In the material below, begin at the line that has "Platanthera lacera image", stop after the line that has "берёза (1) смотреть онлайн", and transcribe those lines exactly, without pictures.

Record set
··········

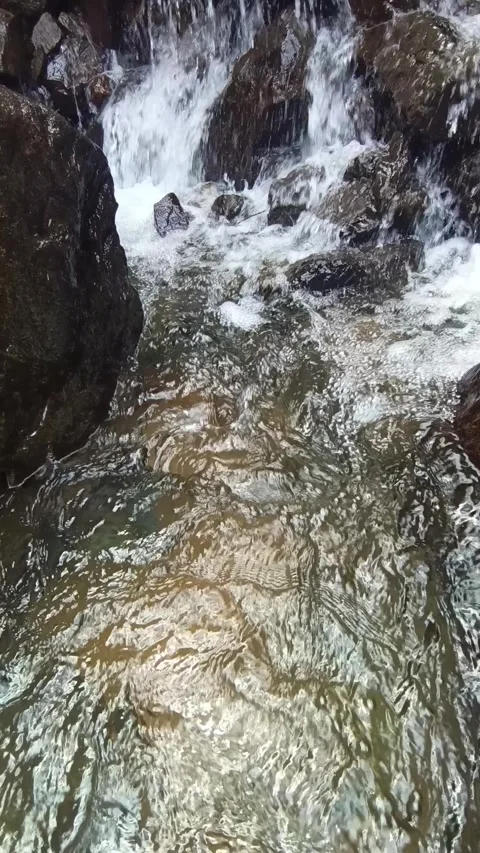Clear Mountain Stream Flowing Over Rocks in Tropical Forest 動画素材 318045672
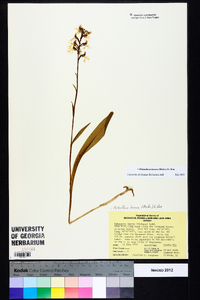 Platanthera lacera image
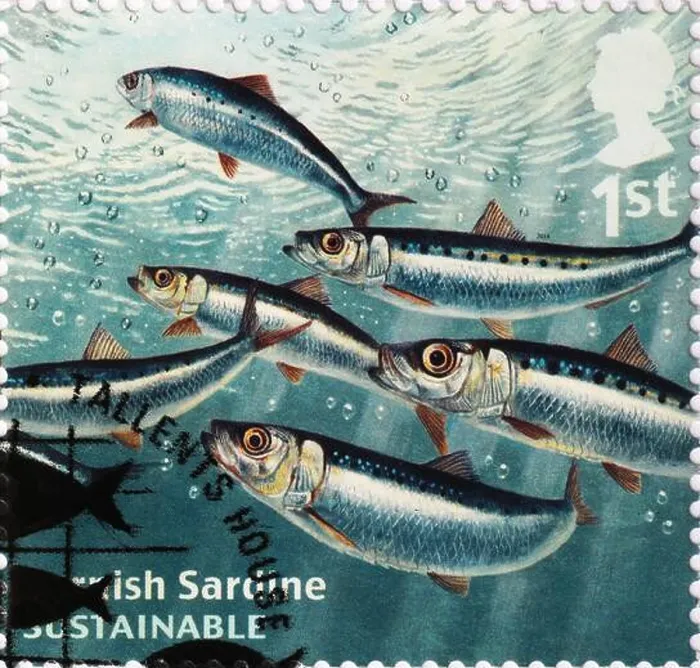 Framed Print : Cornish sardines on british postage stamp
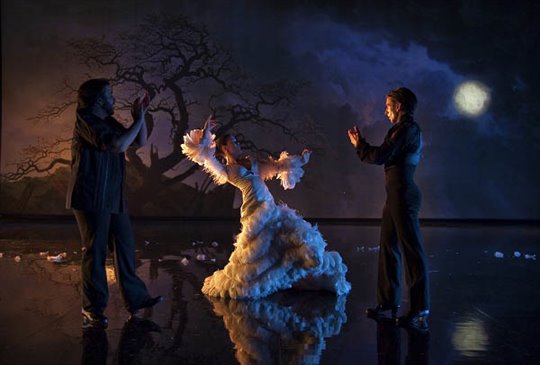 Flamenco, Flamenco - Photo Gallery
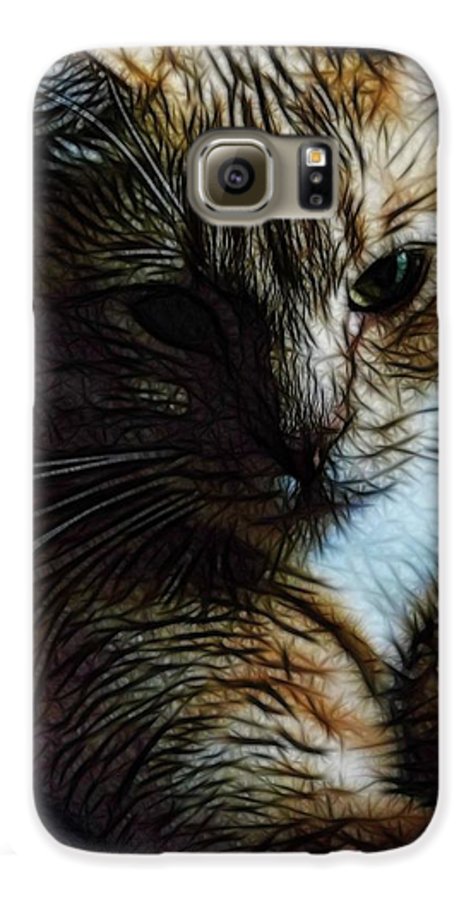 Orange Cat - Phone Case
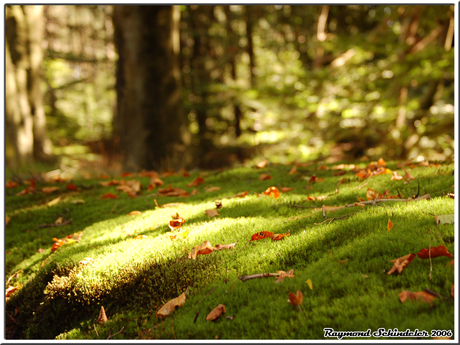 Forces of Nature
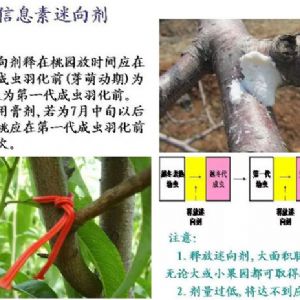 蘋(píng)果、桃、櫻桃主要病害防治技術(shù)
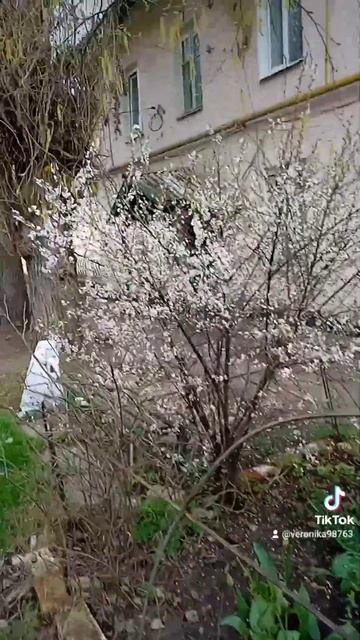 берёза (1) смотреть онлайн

··········

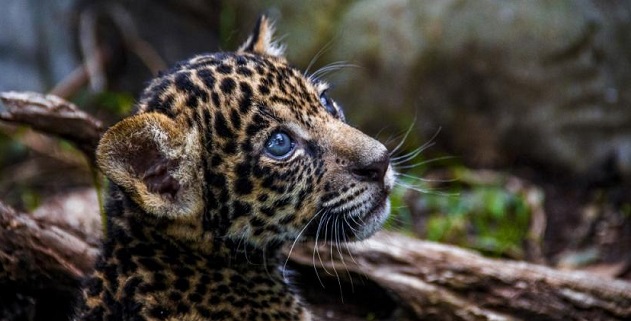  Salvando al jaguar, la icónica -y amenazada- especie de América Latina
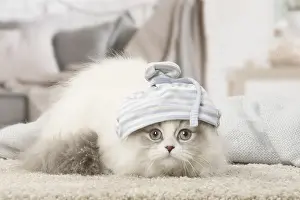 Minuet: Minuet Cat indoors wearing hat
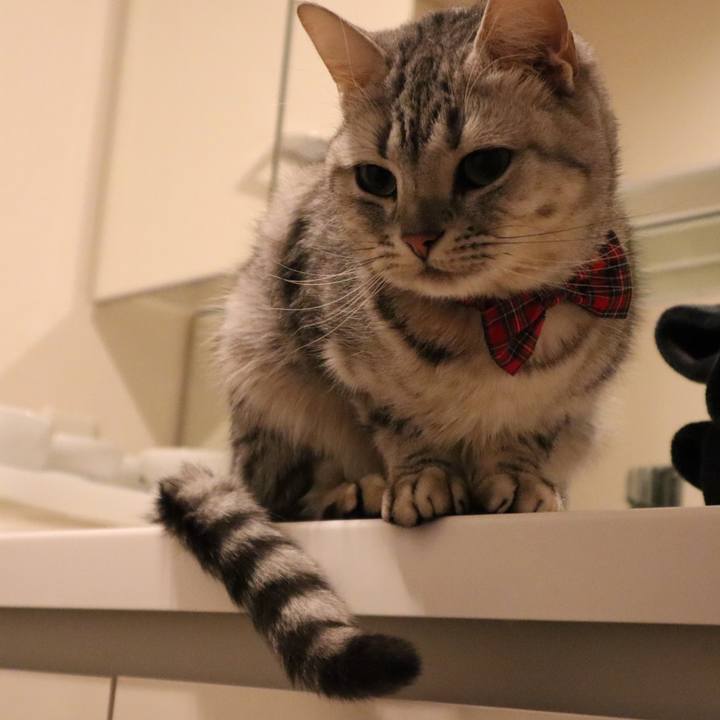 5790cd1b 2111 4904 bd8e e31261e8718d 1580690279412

··········

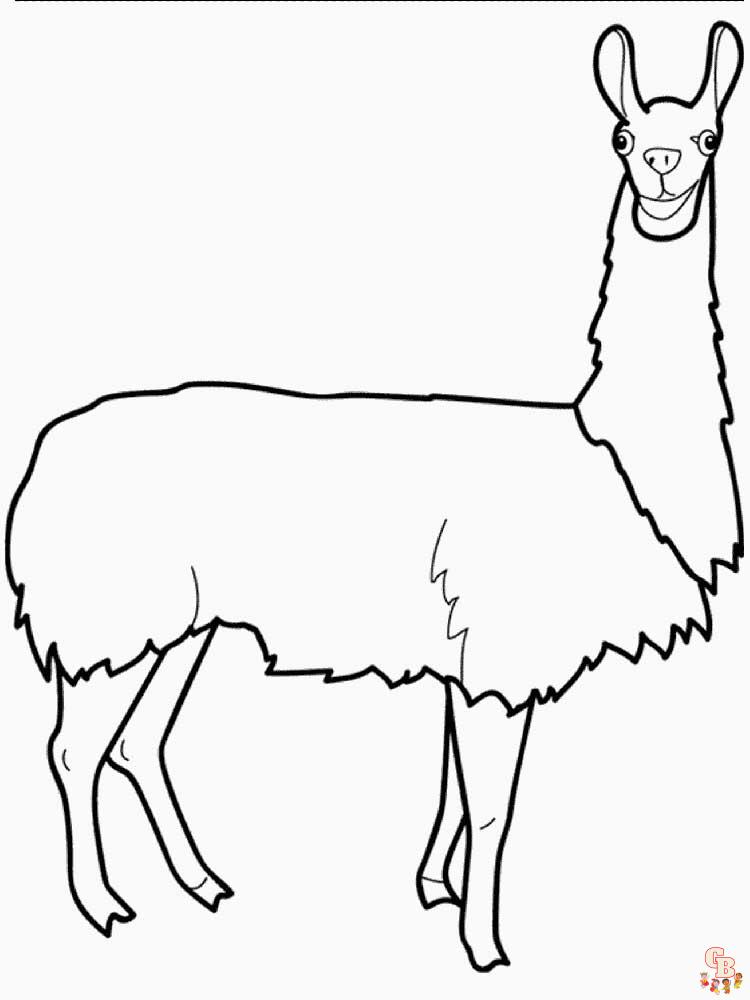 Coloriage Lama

··········

Solution to this problem
 Platanthera lacera image
 Framed Print : Cornish sardines on british postage stamp
 Flamenco, Flamenco - Photo Gallery
 Orange Cat - Phone Case
 Forces of Nature
 蘋(píng)果、桃、櫻桃主要病害防治技術(shù)
 берёза (1) смотреть онлайн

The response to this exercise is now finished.